Les chaises en solitude m’ont toujours émue. Elles présentifient l’absence plus crument qu’un espace vide. Quand, en nombre, elles paraissent se donner la main, et rassembler en cohortes tous ceux que l’on attend en vain, c’est entre elles un dialogue de vacuités bruyantes qui s’instaure, presque angoissant – à qui les restes d’une averse ou la lumière bleue d’un soir achèvent de fournir un accompagnement chromatique de circonstance, comme une mélodie qui serait dans l’air.

Chaque fois que j’aperçois une chaise isolée, sans occupant, il me semble qu’en silence elle appelle un mort, un disparu-à-jamais… un de ces êtres que l’on sait définitivement hors d’atteinte et que pourtant on ne peut s’empêcher, en son for intérieur, d’imaginer proche et sur le point de surgir au détour de l’instant vécu. Je m’en détourne par principe, redoutant de percevoir en passant près d'elle l’écho trop aigu d’histoires avortées, d’espoirs déçus – le triste écho qui m’inclinerait à ce désespoir mou et noir dont il est si difficile de se dégager. Mais outre ces vagues cassées ou parcellaires, ce ressac intermittent, il y a 
quelque chose à écouter à proximité de ces sièges désertés qui attire irrésistiblement…

Cela relève de la géométrie.
Les chaises en vigueur dans les parcs publics, ou dans les lieux destinés à accueillir une collectivité – classes, cantines, salles de spectacles…

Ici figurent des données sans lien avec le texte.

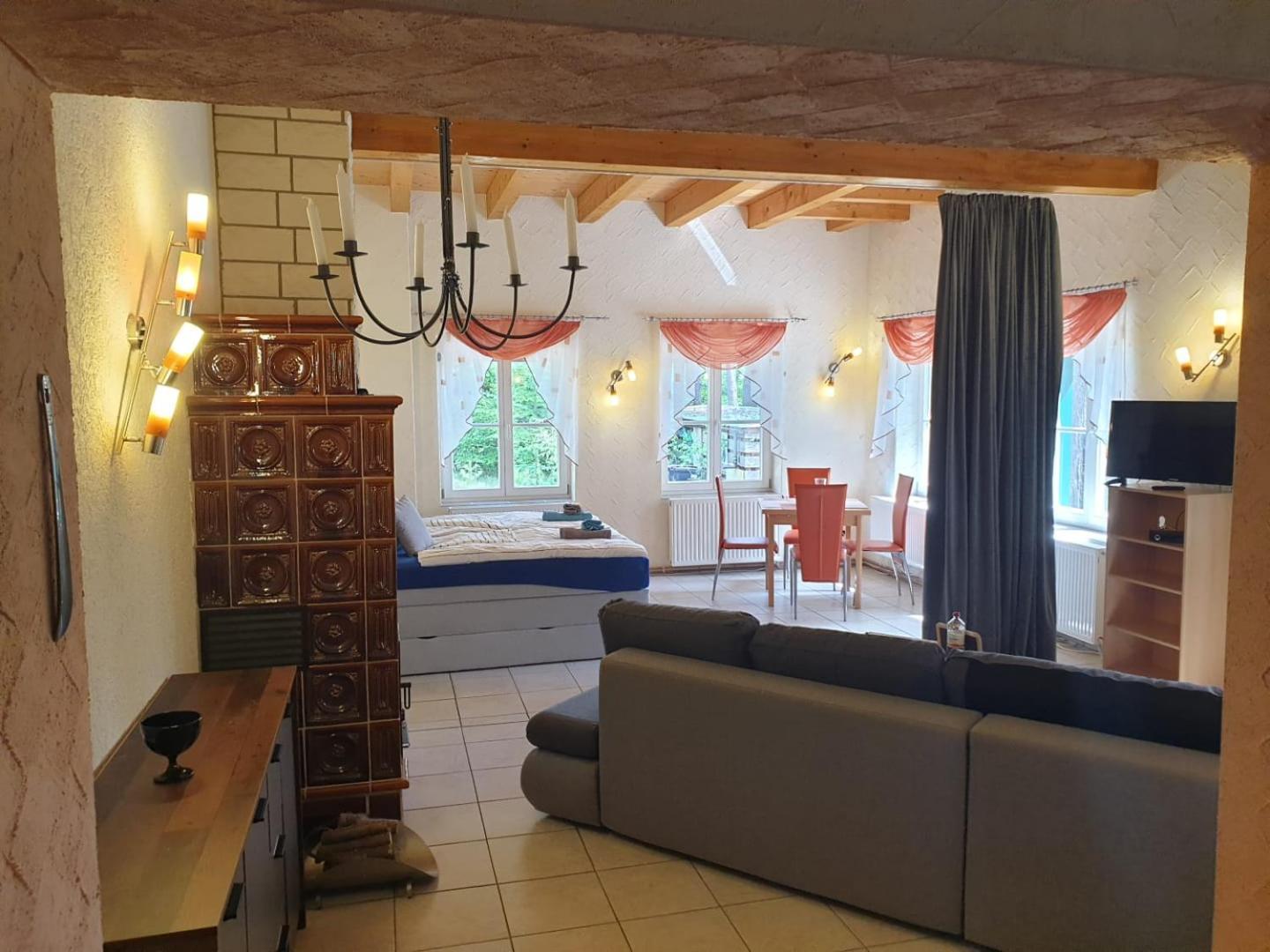 Ferienwohnung Habicht Villa-Paelitzsee Grosszerlang Eksteriør bilde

ont en général une structure étudiée pour faciliter leur rangement dans un espace réduit ; elles sont "étudiées pour" pouvoir être entassées le plus commodément possible. Lorsque, inutilisées, elles demeurent en colonnes plus ou moins instables, emboîtées les unes dans les autres, elles génèrent des rencontres de lignes et de courbes, des creux et des pleins, parfois des déliés et ressemblent à des pages couvertes de signes… Leurs pieds de métal étroitement joints se tendent en un seul effort vers le sol mais restent en suspens tant la pile est haute. Les entailles toutes identiques ménagées dans leur dossier pour permettre la préhension leur font de drôles de bouches, ouvertes en un rictus permanent figé sur le néant – ô le chœur muet et formidable ! Et comme échappée de ce tonnerre silencieux, une feuille détachée d’une branche s’est posée sur une assise découverte.

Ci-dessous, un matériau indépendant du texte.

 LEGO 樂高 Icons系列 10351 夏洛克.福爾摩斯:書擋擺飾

J’ai vu tout cela un soir à Sainte-Claire. Et un peu plus tard ces rangées bien organisées mais sans spectateurs, portant encore, sous le soleil dru de l’après-midi estival, les traces d’un orage. Il n’en fallait pas plus pour que je tire de ma poche ce précieux petit Nikon Coolpix si facile à dégainer lorsque se présentent des images a priori saisissables.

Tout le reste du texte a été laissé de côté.